Updated: Aug 15, 2020
As runners, a huge challenge for some of us is taking the time to warm up properly & efficiently before we sprint out the door. 🏃♀️🏃♂️ That's bad bad bad! If you want to read more about the benefits of warming up, visit our blog. In the meantime, here is a video of a dynamic warm up to help get you through those tough runs. This will warm up every major muscle group you use while running, plus the supporting muscles like the abs, back and shoulders.
Go through the sequence 2X at 10 reps each for an effective 5 minute running warm-up OR Go through the sequence 8X times at 10 reps for a killer leg workout.
Routine is as follows
1. 10 reps of plyomoetric side lunges to reverse lunges on EACH leg. Beginners, take the jump out. Form check: when your supporting leg is bent, you should be able to look down and see your toes.
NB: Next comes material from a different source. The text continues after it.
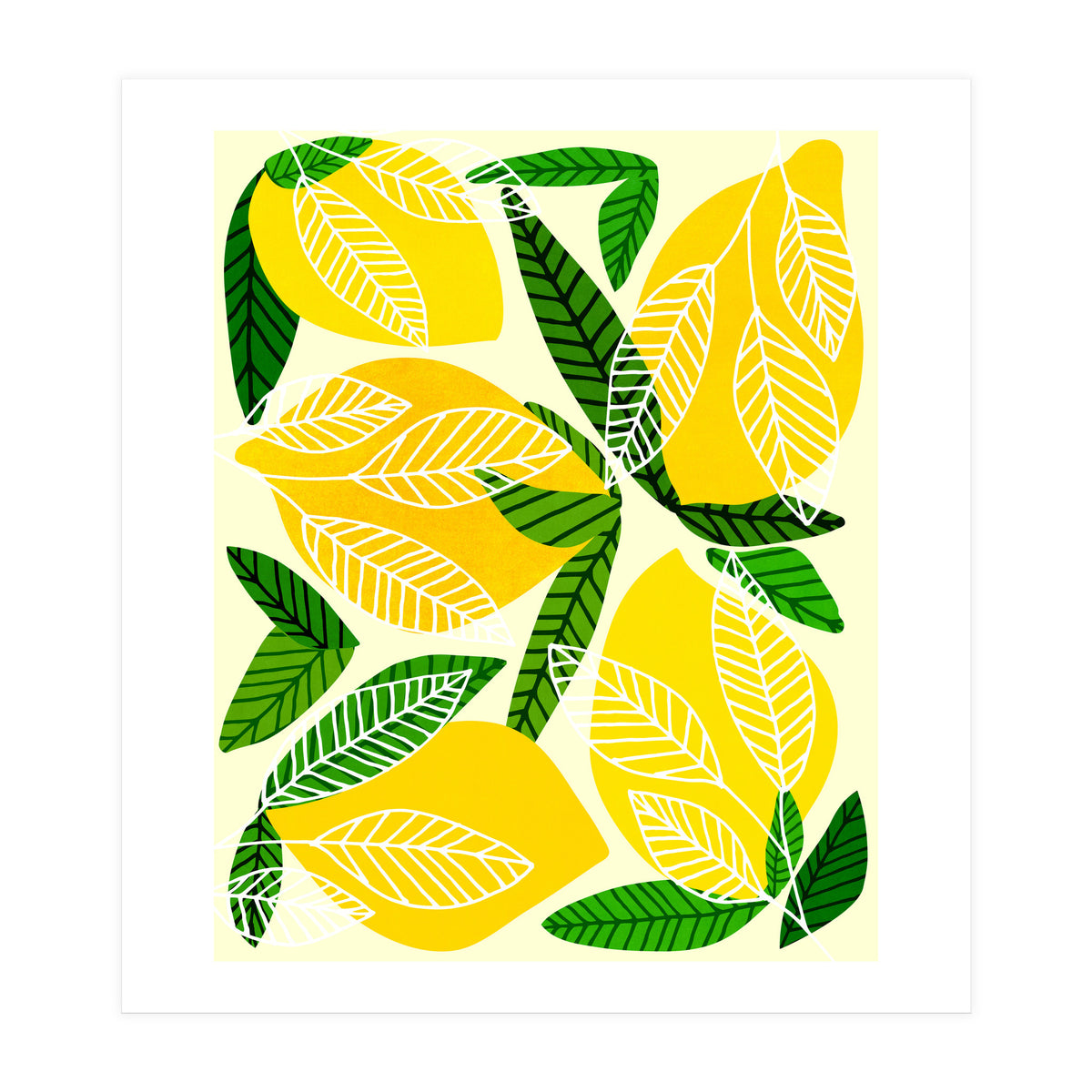 Lemon Tree (Print Only)
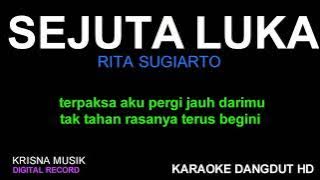 SEJUTA LUKA KARAOKE DANGDUT HD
2. 10 reps of squats with front leg lifts. Beginners, go to a quarter squat. Form check: Put all your weight in the back of your heels and stick that booty out on the way down.
3. 10 reps of lateral leg lifts on EACH leg. Beginners, put your foot on the ground between each lift. Form check: Keep your posture straight, avoid bending to the side at the waist.
4. 10 reps of runners lunge jumps. Beginners: Take the jumps out. Form check: Neutral spine, head and hips, palms under elbows, elbows under shoulders.
5. 10 reps of plank to down dog. Hold each position for 3 seconds before transitioning. Beginners: Bend your knees during down dog. Form check: Neutral spine, head and hips. It's really important to keep your head in line with spine for each movement. Avoid looking at your toes in down dog, I promise they are still there!
Remember, effective dynamic warm ups make us better performers, and help us to avoid injury! Try it out and let me know what you think!